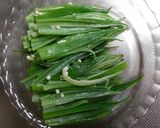 ふわふわオクラとろろ作り方3写真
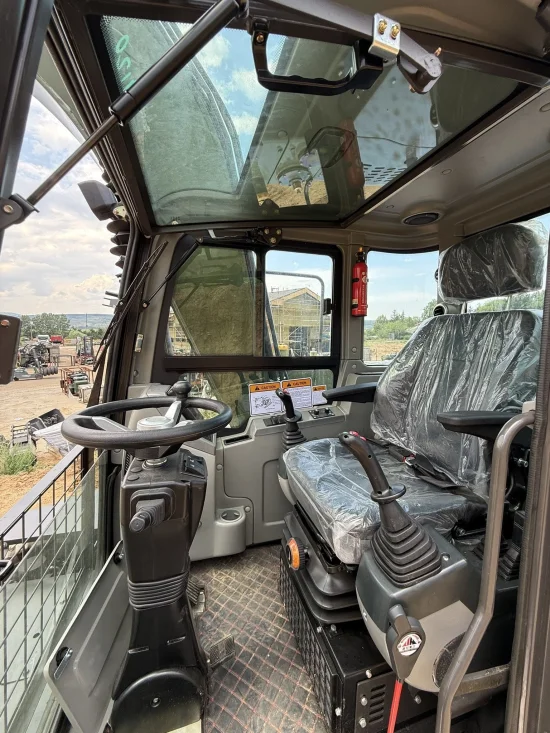 Excavator pe roți Müller E11.0W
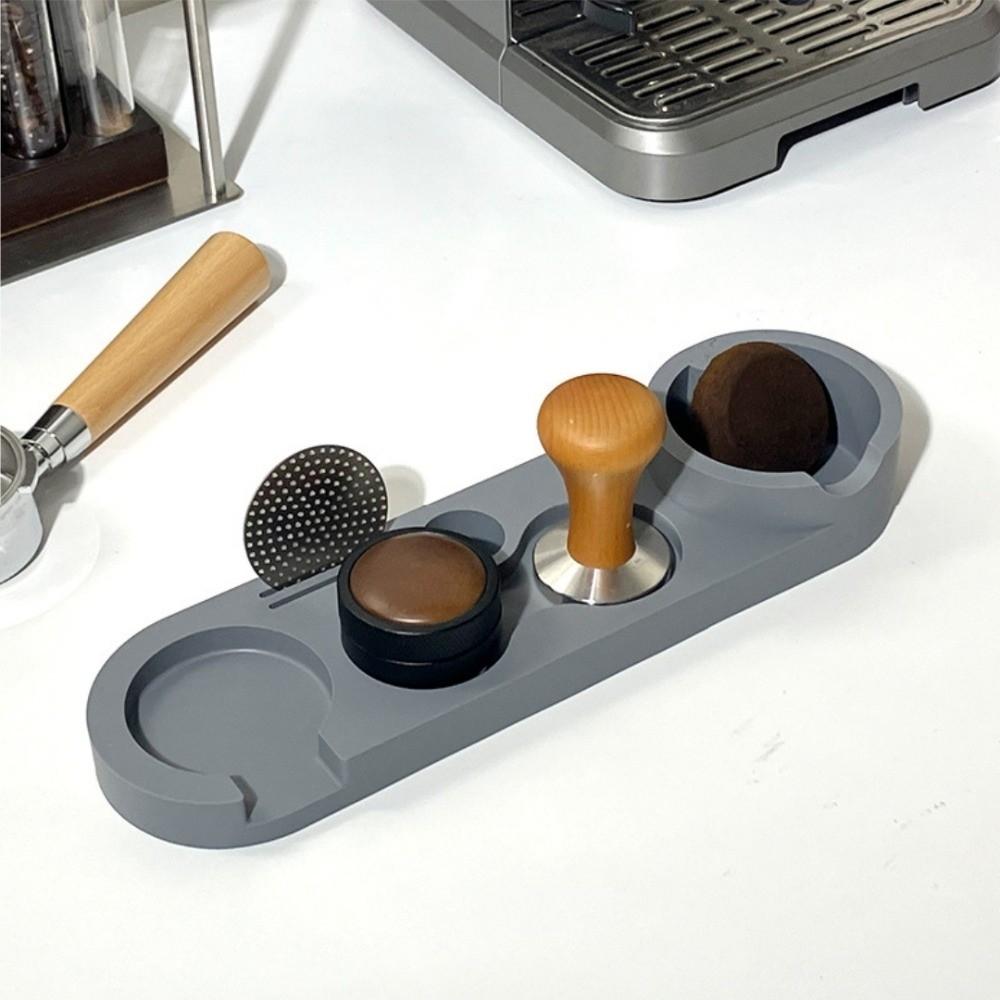 Countertops Protecting Coffee Tamper Mat Silicone Barista Station  Espresso Accessories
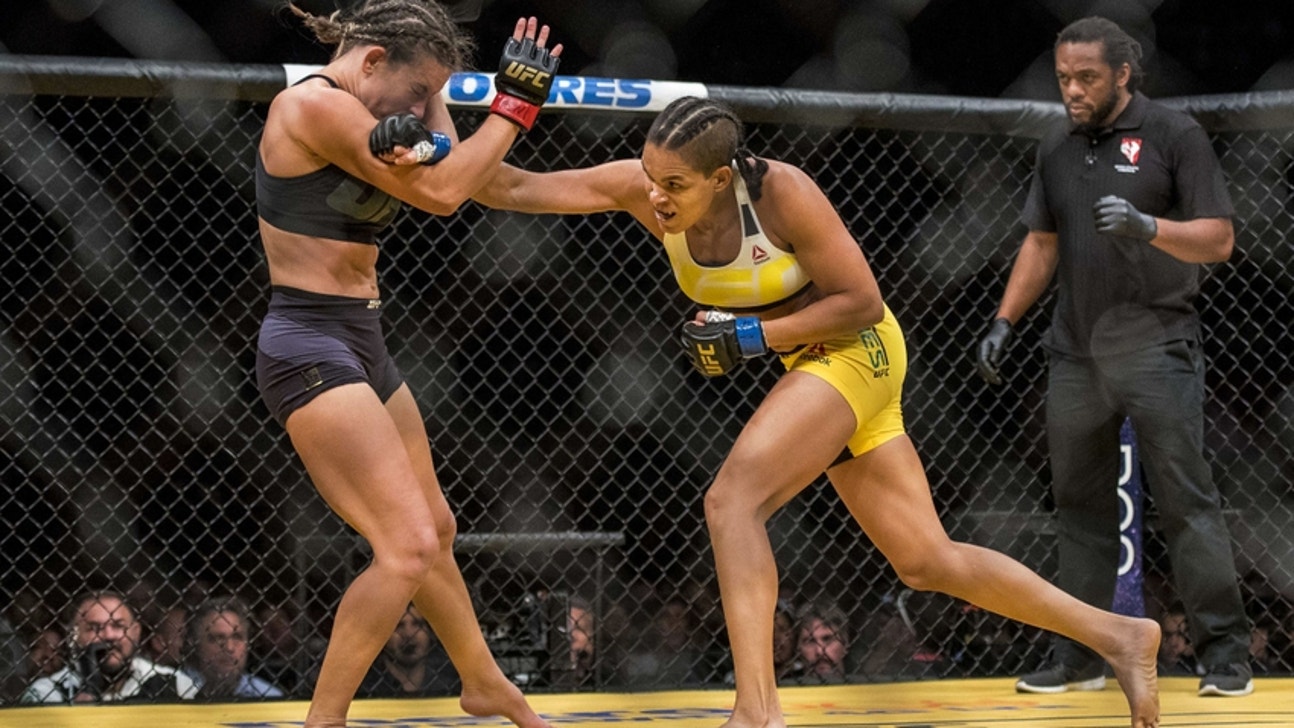 UFC 207: Amanda Nunes Flying Under the Radar Again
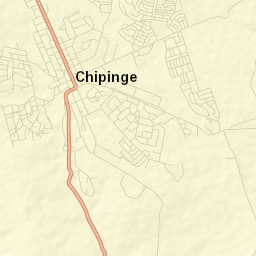 Chipinge Street Map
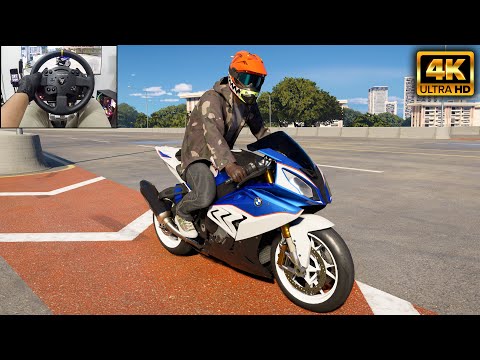 BMW S1000RR - The Crew Motorfest | Thrustmaster TX Gameplay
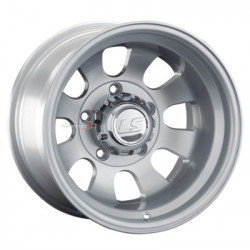 LS Wheels 889 10x15/5x139.7 D108.1 ET-45 Silver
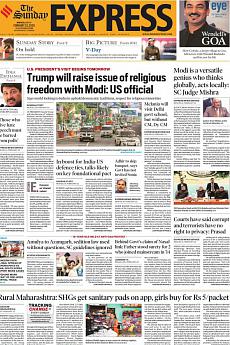 The Indian Express Delhi - February 23rd 2020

---

- WHAT TO WORK ON -
Drop the images and copy all the data exactly.

- TASK RESULT -
 ふわふわオクラとろろ作り方3写真
 Excavator pe roți Müller E11.0W
 Countertops Protecting Coffee Tamper Mat Silicone Barista Station  Espresso Accessories
 UFC 207: Amanda Nunes Flying Under the Radar Again
 Chipinge Street Map
 BMW S1000RR - The Crew Motorfest | Thrustmaster TX Gameplay
 LS Wheels 889 10x15/5x139.7 D108.1 ET-45 Silver
 The Indian Express Delhi - February 23rd 2020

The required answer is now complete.